そうして、僕は目を覚まして、おばあちゃんにお礼を言わなきゃと思っていると、少し経ってから、おばあちゃんは既に何年か前に亡くなっていると思って、そういえば命日は1月1日だったということを思い出した。そして亡くなった時も、亡くなったという現実感が無くて、1月6日になって、夢の中でいつものように話をして、起きた後に、ああもういないんだなと実感したことを思い出した。いつも夢の中で話しかけてくる。1月6日の夢では、忘れないでね、と言っていたような気がする。今朝の夢では、忘れていたでしょ、と言っていた。起きた後も少しの間は、現におばあちゃんがまだ生きていると本当に思っていた。普段から、何となく、亡くなっていることを忘れて、まるでまだ生きているかのような気持ちでいるのかもしれない。

僕は、誰かがどうなっていようと、余り気にかけない。

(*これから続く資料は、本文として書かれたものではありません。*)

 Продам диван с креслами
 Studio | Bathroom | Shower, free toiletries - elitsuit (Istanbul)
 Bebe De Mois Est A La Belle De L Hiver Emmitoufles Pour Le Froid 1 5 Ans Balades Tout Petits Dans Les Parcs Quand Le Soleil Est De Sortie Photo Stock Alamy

僕の中で、その人が生きているのであればそれでいい。全ての人の現状を知ることはできないから、きっとこの人はこうだろうという信頼さえあれば、僕にはそれでいい。僕は僕の心が綺麗であればそれでいいんだ。その人にとって、僕がその人のことをどう思っていようと関係がない。僕にとっては、僕がその人をどう思っているかが重要なんだ。そういった心の動きを自分の中に確認することができた。

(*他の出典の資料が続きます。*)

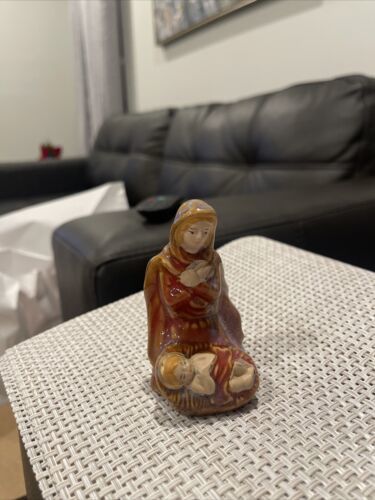 Mother Mary Kneeling w/Baby Jesus Ceramic Nativity Christmas Shiny Glaze... - $11.44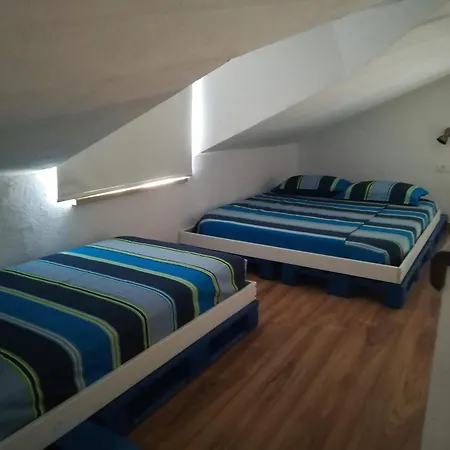 Padre **** * Baška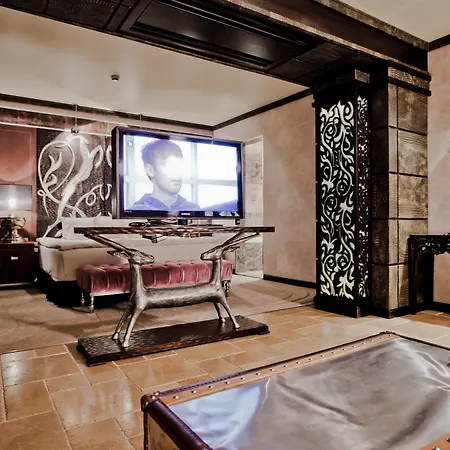 酒店 Royal Castle Design &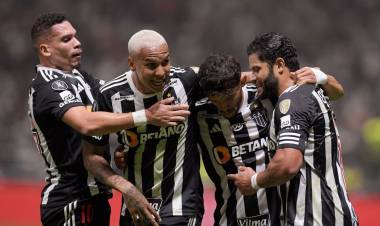 ATLÉTICO MINEIRO NO PERDONÓ A RIVER Y LO GOLEÓ EN BELO HORIZONTE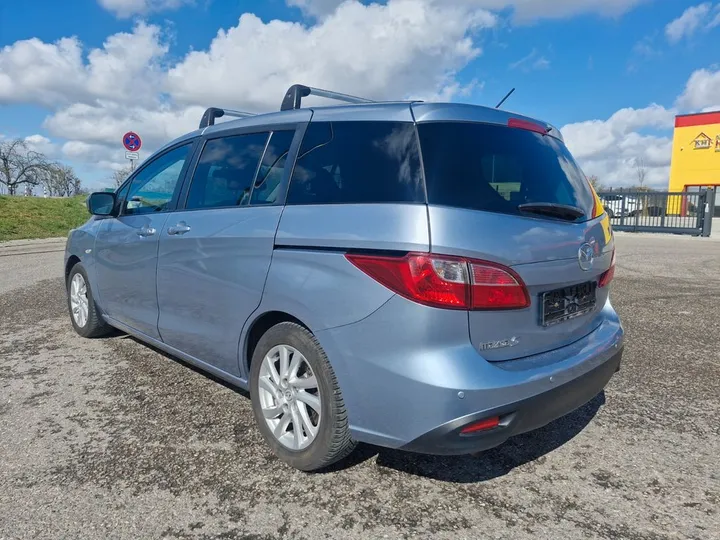 Mazda 5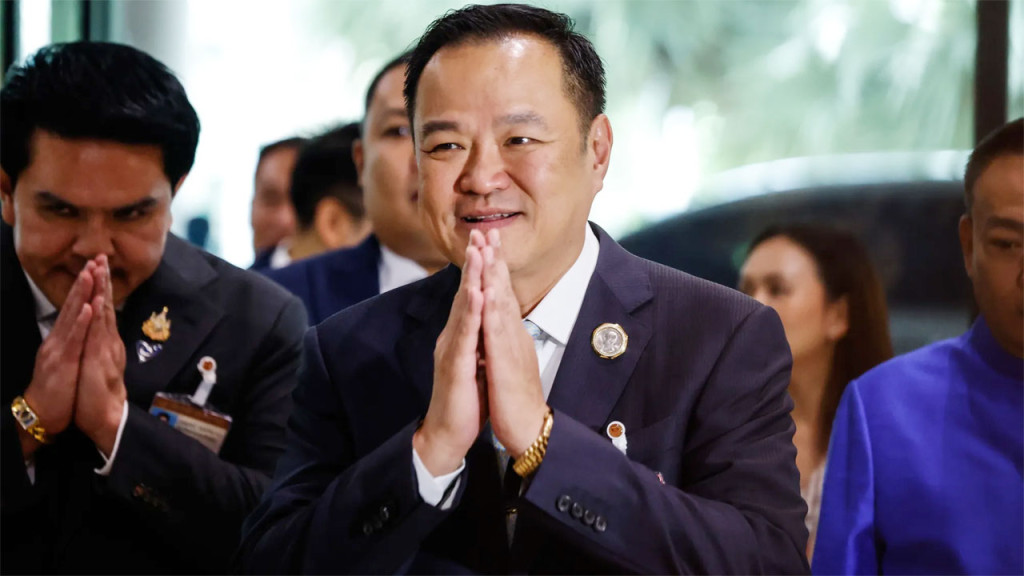 থাইল্যান্ডের নতুন প্রধানমন্ত্রী হলেন আনুতিন চার্নভিরাকুল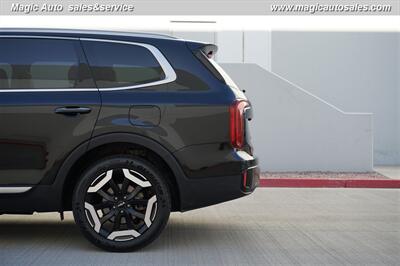 2023 Kia Telluride S - Photo 9 - Phoenix, AZ 85034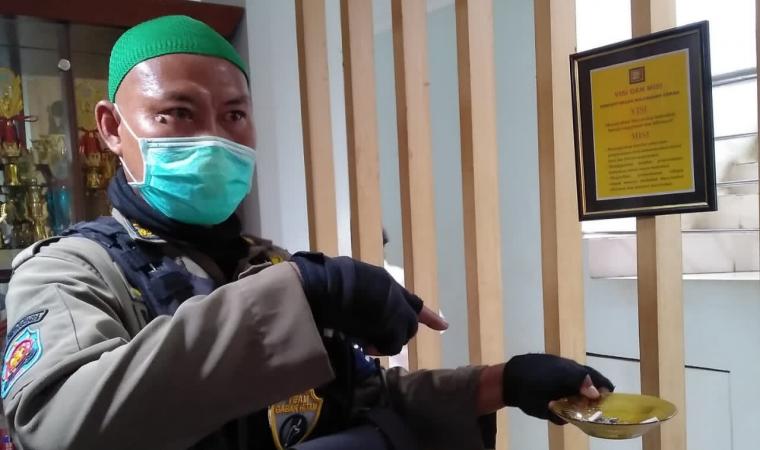 Satpol PP Kota Tangerang Selatan saat melakukan sidak dalam rangka penegakan Perda Kawasan Tanpa Rokok. (Foto: TitikNOL)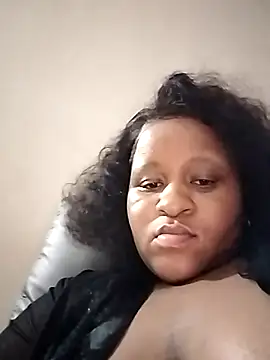 Snapshot of thicknjuicyx chatting on 10/07/25, 07:37 thicknjuicyx online show from 10/07/25, 07:37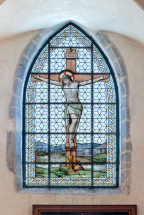 Vitrail : Christ en croix. © Région Bourgogne-Franche-Comté, Inventaire du patrimoine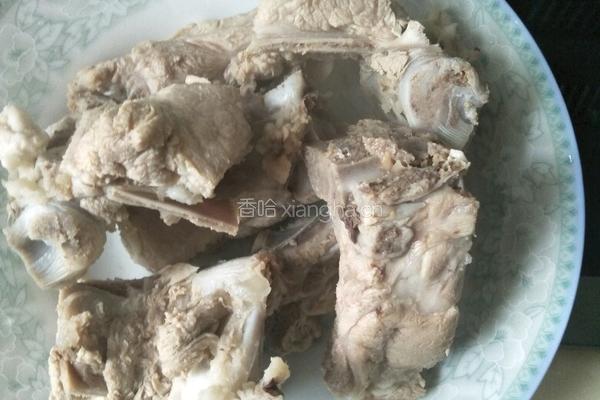 胡萝卜排骨汤的做法图解6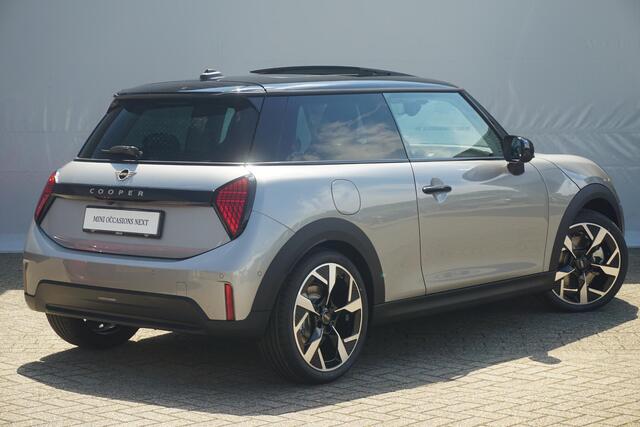 Mini COOPER 3-deurs C Panorama Dak / Head-Up / Stoelverwarming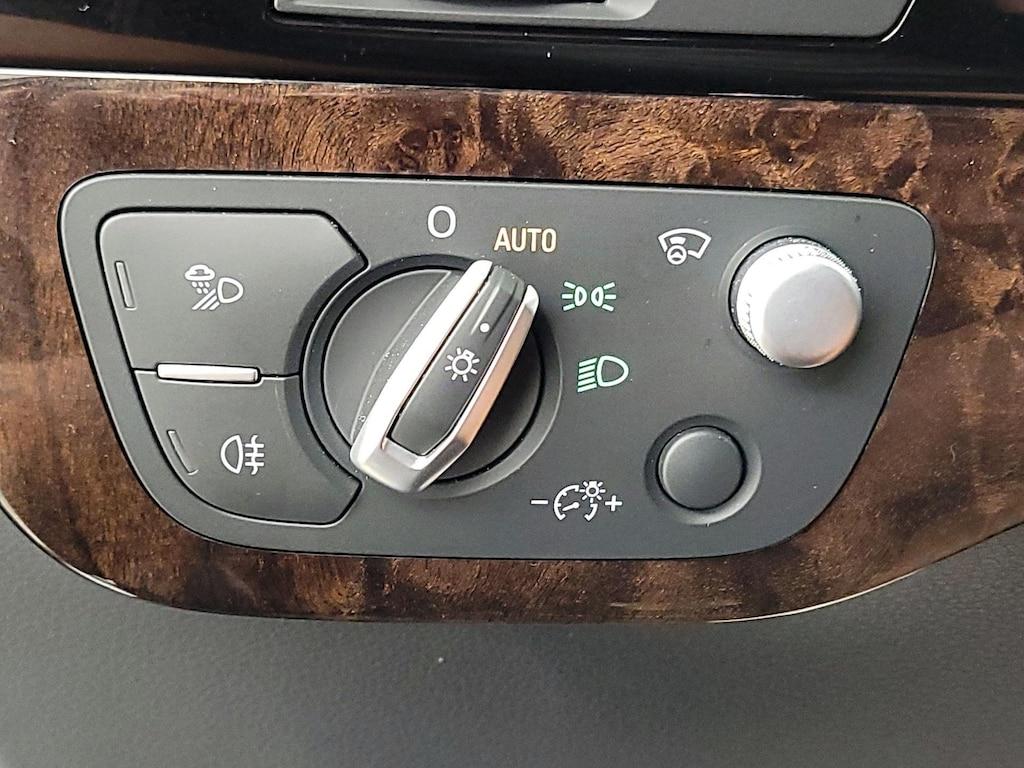used 2019 Audi Q7 car, priced at $30,998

夢というのはちぐはぐで、話が噛み合っていなかったり、筋が通っていなかったりするが、実感だけは本物だ。とすると、実感だけを信じている僕には、夢と現実の境は無いのかもしれない。起きてからも悲しみが抜けずに、僕はまた喪失を生き直した。それは誰かにとってはそうでなくとも、僕にとっては真実だったんだ。

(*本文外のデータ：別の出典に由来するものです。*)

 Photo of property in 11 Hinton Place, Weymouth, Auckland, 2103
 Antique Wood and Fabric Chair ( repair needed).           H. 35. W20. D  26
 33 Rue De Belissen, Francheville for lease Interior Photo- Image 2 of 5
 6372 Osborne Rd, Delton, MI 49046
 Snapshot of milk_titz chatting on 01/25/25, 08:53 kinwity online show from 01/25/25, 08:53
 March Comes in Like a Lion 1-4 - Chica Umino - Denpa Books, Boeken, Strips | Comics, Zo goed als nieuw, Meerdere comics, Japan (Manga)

お墓詣りには何の有効性も認めていないけれど、そこにおばあちゃんがいるわけでもないし、そもそもおばあちゃんも無宗教だから、お墓も大事にしていないし、本人もそこにいたいとは思っていなかっただろうけれど、それでもお墓詣りをしてもいいかもしれないと思った。お墓詣りの意味を見出した。小林秀雄が、信仰の何たるかをわからなければ人生はつまらないと言っていたのを、何故だろうと、思っていたのだけれど、少しわかったような気がする。信仰以外に、誰かと生きるということができるのだろうか、ということじゃないか。美しさは、美しさを信じた時、信じている時のみ感じられる。信仰は無知蒙昧の輩がするものだが、無知蒙昧でない人などどこにいるだろう。人が無知蒙昧から抜け出せることができるのだろうか。それは一番そこから抜け出そうとした人だけが知っている。何もしていない人は、まるで自分が無知蒙昧でないかのように振る舞い、まるで自分が無知蒙昧でないかのように振る舞っている人は、何もしていない。世界がそうであると、自分が信じることによってのみその世界が成り立っていると気づいていずに、信じるという行為を抜きにして、自分の捉えている世界がそこに存在しているかのように考えている。知識も一つの信仰なんだ。

昨日は眠くて仕方がなかったのに、僅かな眠りだけで、ここ何日か振りの目覚めを経験している。朝のテレビのニュースでも、親しく感じられる。人生は美しいと信じることでのみ、人生は美しくなる。